Since the interior sound positioning of traditional FV used in this article completely conforms to the conceptual design goal of interior sound of the EV, active sound generation control in accordance with this curve can achieve the goal of both comfort and power sound quality characteristics of interior sound of EV. Therefore, according to the actual control situation of the active sound generation control program, the control strategy of sound amplitude gain along with the opening of the accelerator pedal is formulated as shown in Fig 31.
5. Development of ASGS for EV
5.1. Hardware development of ASGS
Inside the main working principle of ASGS is the real-time control system based on information from vehicles CAN read from the speed, the engine speed (or motor speed), the accelerator pedal opening, gear and other information, and connecting with the voice of design parameters of the documents in advance, the real-time computing synthesis current conditions corresponding voice signal, then through the power amplifier output to the vehicle sound system. In Fig 32, the working principle of the system is shown.
The actual circuit board is shown in Fig 33, and the complete controller is shown in Fig 34.
5.2. Software development of ASGS
On the basis of completing the hardware design and development of the control system, the C language is used to write the software of the ASGS in the EV. In order to ensure a clear structure and operability of debugging, the software program is modularized and divided into the following modules: Chip initialization module, CAN signal data acquisition and processing module, FLASH sound data reading and processing module, sound real-time calculation and output module, etc.
The flow chart of the control software of ASGS is shown in Fig 35. The specific process is as follows: after the program is started, the system is initialized. On the one hand, the variable in the active voice control program is defined; on the other hand, the constant quantity and constant quantity matrix in the control program are as-signed according to the preset main parameters. Among them, the variation mainly includes the speed V (since the ratio of motor speed RPMMotor to V is constant, the control program only needs to choose one of the two for calculation), acceleration pedal opening, gear, etc. Constant quantity mainly includes initial virtual engine speed RPMVEO, ratio coefficient k between virtual engine speed RPMVEO and V, number of engine order components K, etc.
The sound data reading and pretreatment module calculates the virtual engine speed RPMVE1 according to the vehicle speed V1 under the current working condition obtained from CAN information, reads the sound amplitude and phase of each order frequency of the engine sound corresponding to RPMVE1, and pre-synthesizes the corresponding engine sound under the virtual engine speed. Then judge whether the current control program is allowed to play the sound. If not, stop the program directly and do not play the sound. If playing is allowed, the real-time sound calculation and output module will read the engine sound corresponding to RPMVE1, accelerator pedal opening Pedal and V1 and other parameters according to the sound data reading and the pre-processing module output.
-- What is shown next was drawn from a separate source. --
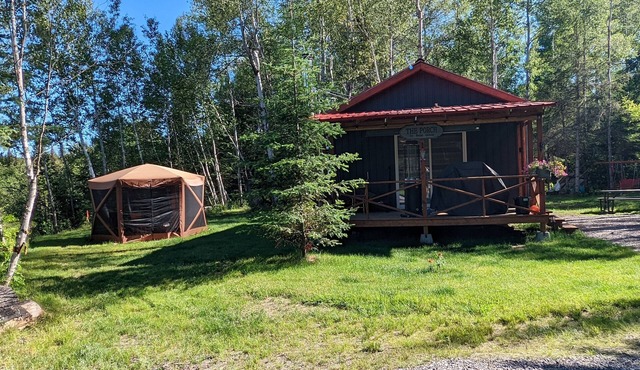 Off grid Rustic Cabin in Sudbury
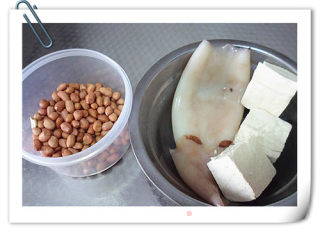 宫保鱿鱼豆腐的做法步骤：1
Thus, the sound amplitude correction gain SPLGain_p1 corresponding to Pedal1 and SPLGain_V1 corresponding to V1 are calculated, and the sound data are converted into analog sound signals through D/A, and finally transmitted to the vehicle sound system speakers through the audio output interface. ASGS play the engine sound corresponding to V1 and Pedal1 of the current vehicle driving condition.
5.3. Construction of ASGS in EV
5.3.1. CAN communication of the vehicle.
The vehicle CAN OBD interface of the EV selected in this article is defined as shown in Table 6, in which pin 1 and pin 9 CAN provide the required information of vehicle speed, motor speed and accelerator pedal position for the ASGS in the EV. By importing the vehicle CAN BUS DBC file to analyze the CAN information, vehicle speed, motor speed and accelerator pedal position signal information is shown in Table 7, so as to ensure that the control system can normally read the required information in the process of working.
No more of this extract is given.